Brief -
Retype each line exactly as it stands, beginning at the first line of the material and finishing with the line that contains "البروفيسور موسكو جح".

_____

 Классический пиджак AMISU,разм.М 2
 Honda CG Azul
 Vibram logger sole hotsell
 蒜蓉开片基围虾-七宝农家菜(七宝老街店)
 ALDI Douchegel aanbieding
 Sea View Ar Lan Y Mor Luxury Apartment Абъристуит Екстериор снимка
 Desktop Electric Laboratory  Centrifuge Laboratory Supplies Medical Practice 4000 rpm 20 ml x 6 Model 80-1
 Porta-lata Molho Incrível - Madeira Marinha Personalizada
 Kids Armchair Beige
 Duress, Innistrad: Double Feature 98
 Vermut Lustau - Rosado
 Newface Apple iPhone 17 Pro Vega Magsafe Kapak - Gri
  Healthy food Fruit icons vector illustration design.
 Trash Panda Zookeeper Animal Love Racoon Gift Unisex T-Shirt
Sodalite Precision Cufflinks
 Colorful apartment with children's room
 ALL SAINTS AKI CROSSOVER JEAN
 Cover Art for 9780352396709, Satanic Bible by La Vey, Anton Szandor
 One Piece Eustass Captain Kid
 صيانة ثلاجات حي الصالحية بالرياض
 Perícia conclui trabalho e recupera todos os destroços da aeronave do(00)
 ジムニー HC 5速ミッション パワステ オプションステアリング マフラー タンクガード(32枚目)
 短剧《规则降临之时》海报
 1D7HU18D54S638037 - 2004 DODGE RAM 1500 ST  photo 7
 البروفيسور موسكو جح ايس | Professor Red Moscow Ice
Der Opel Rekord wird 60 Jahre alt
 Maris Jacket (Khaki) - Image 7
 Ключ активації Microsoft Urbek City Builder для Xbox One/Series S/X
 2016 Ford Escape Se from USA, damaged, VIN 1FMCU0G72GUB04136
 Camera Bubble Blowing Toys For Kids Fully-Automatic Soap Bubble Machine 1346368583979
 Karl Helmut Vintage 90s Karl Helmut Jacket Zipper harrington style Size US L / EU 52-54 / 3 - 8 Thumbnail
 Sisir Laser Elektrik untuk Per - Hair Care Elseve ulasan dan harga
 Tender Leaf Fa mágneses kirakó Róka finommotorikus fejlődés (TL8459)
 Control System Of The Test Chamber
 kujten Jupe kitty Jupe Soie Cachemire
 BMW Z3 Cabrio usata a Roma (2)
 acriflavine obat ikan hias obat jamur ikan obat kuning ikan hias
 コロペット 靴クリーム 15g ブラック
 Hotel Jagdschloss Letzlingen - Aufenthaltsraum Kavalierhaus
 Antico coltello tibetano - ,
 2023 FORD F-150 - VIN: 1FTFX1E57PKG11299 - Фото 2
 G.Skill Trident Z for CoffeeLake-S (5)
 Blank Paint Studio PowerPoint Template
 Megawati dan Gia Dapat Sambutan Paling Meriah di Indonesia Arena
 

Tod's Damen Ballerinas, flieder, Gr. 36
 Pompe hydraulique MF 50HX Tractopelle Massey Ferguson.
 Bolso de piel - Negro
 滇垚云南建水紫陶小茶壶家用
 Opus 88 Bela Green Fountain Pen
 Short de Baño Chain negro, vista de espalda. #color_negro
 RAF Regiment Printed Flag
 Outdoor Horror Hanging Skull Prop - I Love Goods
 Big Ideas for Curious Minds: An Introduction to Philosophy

_____

Result -
 Классический пиджак AMISU,разм.М 2
 Honda CG Azul
 Vibram logger sole hotsell
 蒜蓉开片基围虾-七宝农家菜(七宝老街店)
 ALDI Douchegel aanbieding
 Sea View Ar Lan Y Mor Luxury Apartment Абъристуит Екстериор снимка
 Desktop Electric Laboratory  Centrifuge Laboratory Supplies Medical Practice 4000 rpm 20 ml x 6 Model 80-1
 Porta-lata Molho Incrível - Madeira Marinha Personalizada
 Kids Armchair Beige
 Duress, Innistrad: Double Feature 98
 Vermut Lustau - Rosado
 Newface Apple iPhone 17 Pro Vega Magsafe Kapak - Gri
  Healthy food Fruit icons vector illustration design.
 Trash Panda Zookeeper Animal Love Racoon Gift Unisex T-Shirt
Sodalite Precision Cufflinks
 Colorful apartment with children's room
 ALL SAINTS AKI CROSSOVER JEAN
 Cover Art for 9780352396709, Satanic Bible by La Vey, Anton Szandor
 One Piece Eustass Captain Kid
 صيانة ثلاجات حي الصالحية بالرياض
 Perícia conclui trabalho e recupera todos os destroços da aeronave do(00)
 ジムニー HC 5速ミッション パワステ オプションステアリング マフラー タンクガード(32枚目)
 短剧《规则降临之时》海报
 1D7HU18D54S638037 - 2004 DODGE RAM 1500 ST  photo 7
 البروفيسور موسكو جح ايس | Professor Red Moscow Ice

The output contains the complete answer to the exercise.